[DATA TO EXAMINE]:
--- --- ---

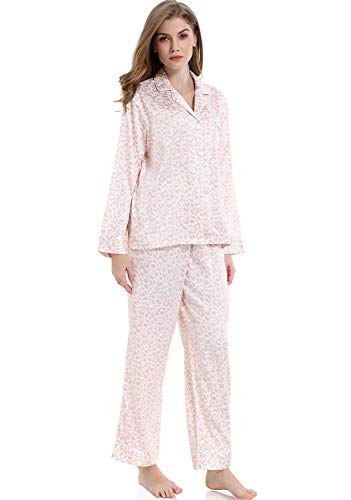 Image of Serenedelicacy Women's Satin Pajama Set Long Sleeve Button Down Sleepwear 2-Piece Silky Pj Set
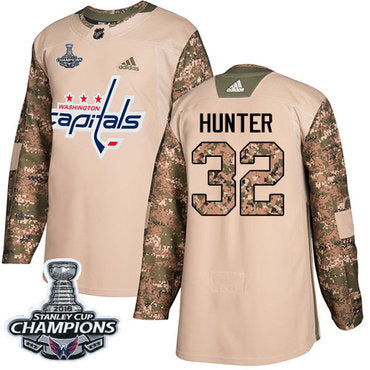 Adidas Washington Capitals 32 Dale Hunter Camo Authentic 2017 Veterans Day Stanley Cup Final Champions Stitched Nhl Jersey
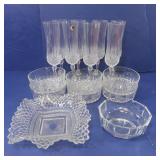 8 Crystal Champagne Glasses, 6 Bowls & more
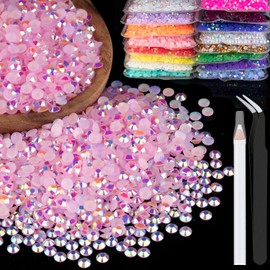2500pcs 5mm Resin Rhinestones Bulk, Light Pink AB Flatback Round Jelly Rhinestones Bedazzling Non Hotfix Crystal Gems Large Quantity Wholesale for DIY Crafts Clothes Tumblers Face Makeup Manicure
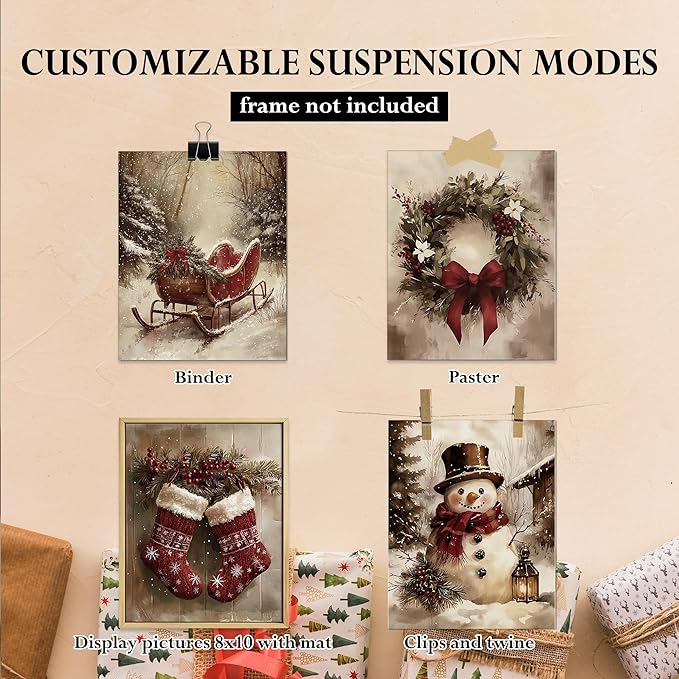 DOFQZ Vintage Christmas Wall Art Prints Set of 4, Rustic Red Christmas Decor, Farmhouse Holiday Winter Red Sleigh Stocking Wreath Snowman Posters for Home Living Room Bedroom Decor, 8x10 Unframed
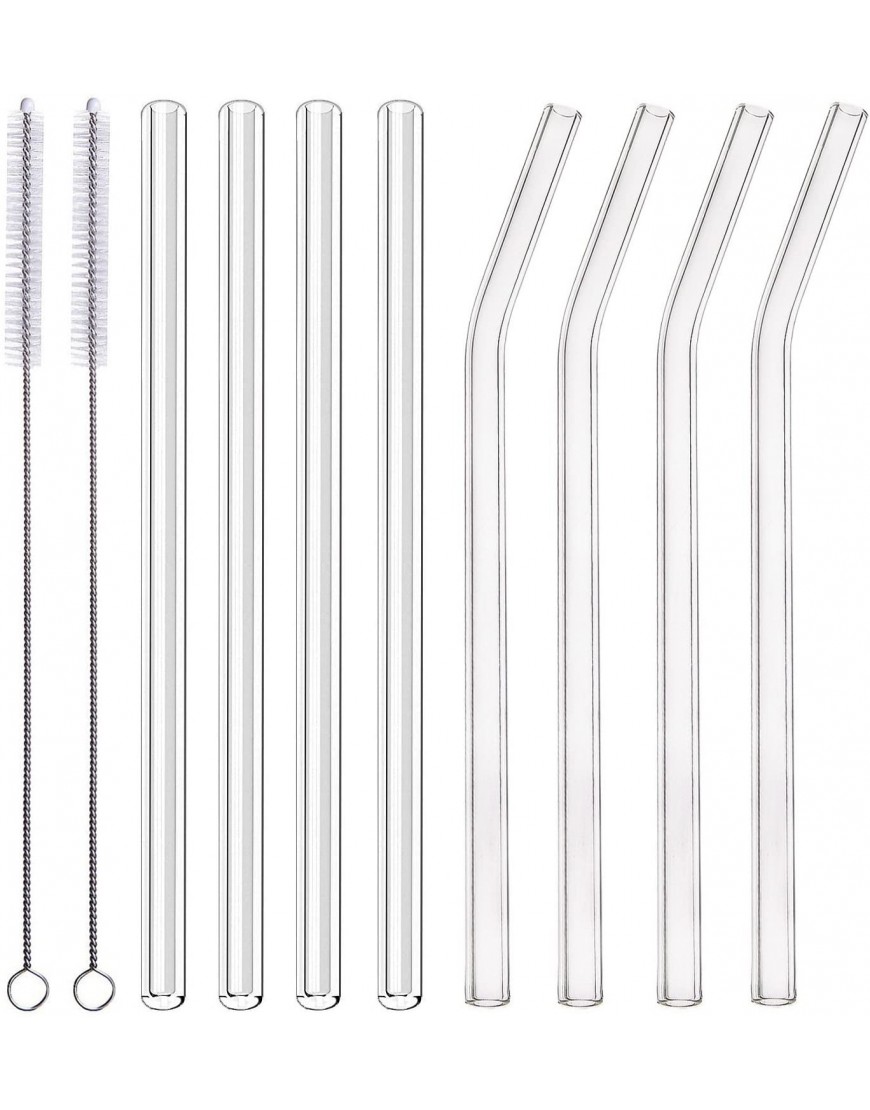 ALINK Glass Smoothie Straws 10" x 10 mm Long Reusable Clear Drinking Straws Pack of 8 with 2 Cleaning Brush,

--- --- ---

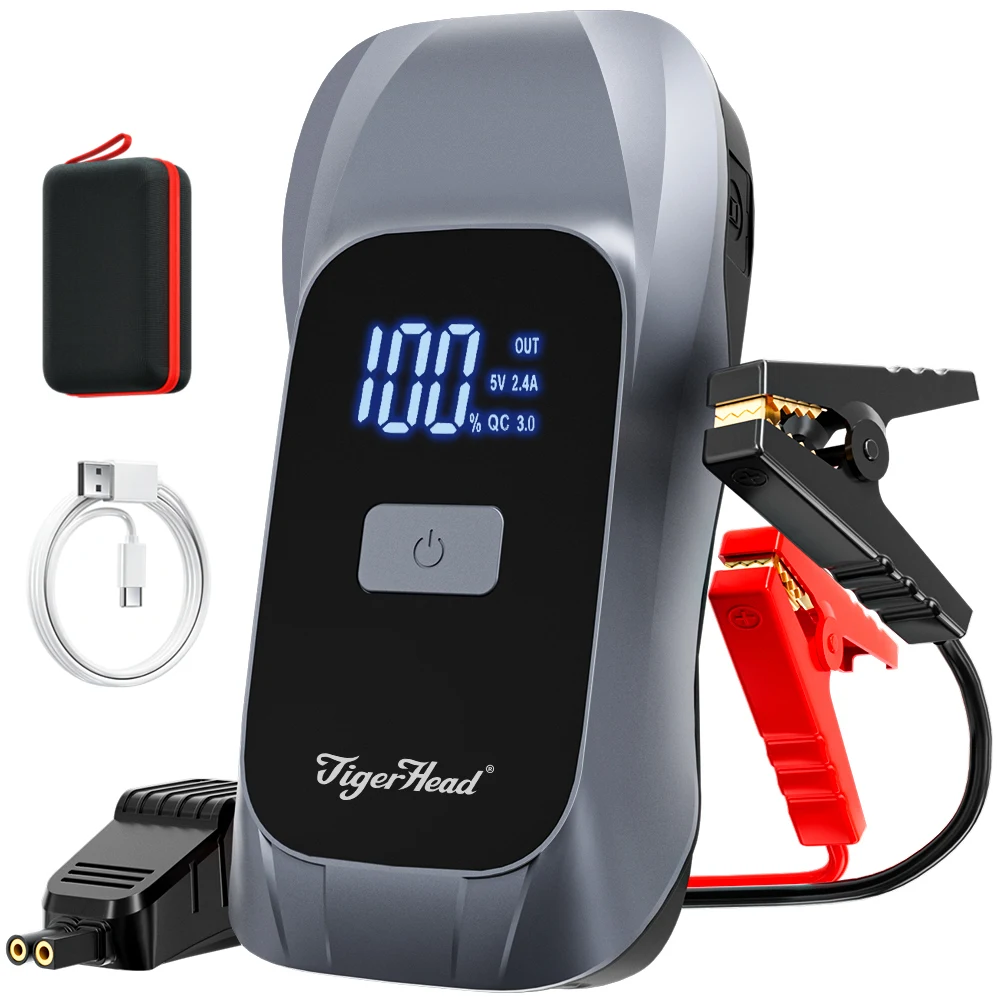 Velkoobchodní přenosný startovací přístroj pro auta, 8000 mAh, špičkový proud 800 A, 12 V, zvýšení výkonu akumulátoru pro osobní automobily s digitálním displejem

--- --- ---

[TASK INSTRUCTIONS]:
Could you transcribe exactly the entries above, but only the lines from the one with "8 Crystal Champagne Glasses, 6 Bowls & more" through the one with "DOFQZ Vintage Christmas", and without pictures?

[SOLUTION BELOW]:
 8 Crystal Champagne Glasses, 6 Bowls & more
2500pcs 5mm Resin Rhinestones Bulk, Light Pink AB Flatback Round Jelly Rhinestones Bedazzling Non Hotfix Crystal Gems Large Quantity Wholesale for DIY Crafts Clothes Tumblers Face Makeup Manicure
 DOFQZ Vintage Christmas Wall Art Prints Set of 4, Rustic Red Christmas Decor, Farmhouse Holiday Winter Red Sleigh Stocking Wreath Snowman Posters for Home Living Room Bedroom Decor, 8x10 Unframed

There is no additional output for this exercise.